Бухта уже погрузилась в густую тень от окружающих гор, за которыми скрылось солнце, когда отдали носовые швартовы — тросы, удерживающие судно у стенки. Корабль дал задний ход, винты погнали пенящиеся струи вдоль бортов к носу. Выбрали слабину кормовых швартовов, и «Грибоедов» стал медленно отходить носом от стенки. Владимир Семенович стоял на мостике с рупором в руке, пока не подал команды: «Отдать кормовые» и «Самый малый вперед».
Островки и выступы берега казались уже черными силуэтами на фоне мелкой зыби, отблескивавшей закатными лучами. Далеко впереди, между последним мысом и островом открывался океан. Над ним после жаркого дня нависала густая мгла.
После «липкого зноя» на берегу так приятно было на палубе, обвеваемой ветром. Долго мы стояли на носу, то беседуя, то просто любуясь угасающим вечером, то всматриваясь вдаль.
Три дня мы шли открытым океаном, не видя берега. После двух спокойных дней нас изрядно покачало. Ночью я вышел на палубу. Яркое звездное небо южного полушария раскинулось над головой. Вдоль борта в пене проносились мириады мелких ярких точек. Они не мерцали, а ярко горели. Зеленоватым светом вспыхивали и постепенно гасли гребни волн.
Как-то особенно светилось море. Когда «Грибоедов», поднявшись на высокую волну, падал вниз, — каскады пены так ярко вспыхивали, будто их подсвечивали лампочкой с зеленовато-лунным светом. А когда нос корабля резал волну, то вода светящимися фонтанами и брызгами устремлялась на палубу через якорные клюзы.
Не наглядеться на эту игру океана. Я долго пробыл на баке, потом прошел на корму и оттуда неотрывно смотрел, как пенящийся след корабля яркой лентой уходит вдаль и зеленоватый свет ее постепенно теряется в черноте ночи…
Мы держали курс на юг, приближаясь к умеренным широтам, которые у моряков получили название «ревущих сороковых», — так свирепы и так постоянны здесь штормы. Но нас здесь трепало всё-таки не так сильно, как в начале путешествия в Бискайском заливе.
В полдень 10 июня на западе показалась земля. В бинокль были видны группы деревьев и рощи, какие-то строения. Это Уругвай. После обеда ветер стал шквалистым, море разгулялось, начало изрядно качать. Стало холодно — всего 12° тепла. Без пальто нельзя было находиться даже на защищенном от лобового ветра ботдеке.

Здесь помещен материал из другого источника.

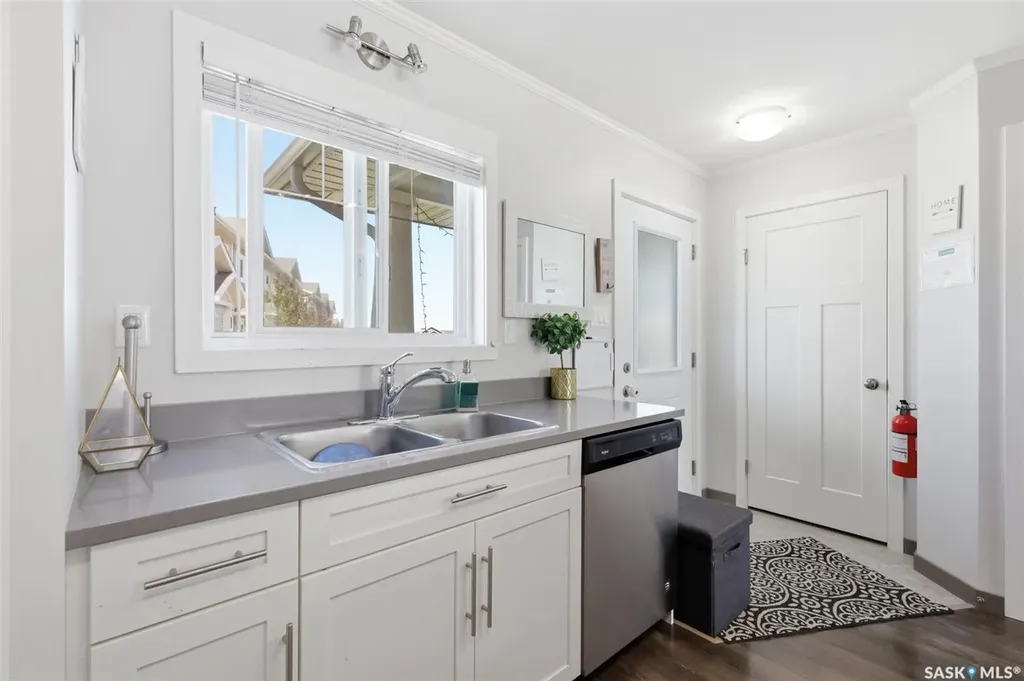 522 Cornish Road Saskatoon SK S7T 0Z4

Все пассажиры попрятались в каюты от зимней «стужи». Ведь и впрямь в южном полушарии в июне зима, а мы находились почти на 35° южной широты. Это на 12° южнее тропика Козерога, в зоне субтропического климата.
Под вечер на берегу показались огни какого-то маяка. Позднее был виден еще другой маяк. Ожидалось, что ночью мы пройдем в виду Монтевидео.
Серебряная река
На другой день утром, выйдя на бак, я не узнал моря: за бортом плескалась коричневая, грязная вода. На горизонте слева виднелась низкая полоска земли. Справа надвинулись слоистые тучи, придавая необычайную мрачность и без того унылому пейзажу. Оказалось, что это уже не океан. Мы ночью вошли в устье реки Ла-Платы (Рио-де-Ла-Плата — по-испански; в переводе — «Серебряная река»).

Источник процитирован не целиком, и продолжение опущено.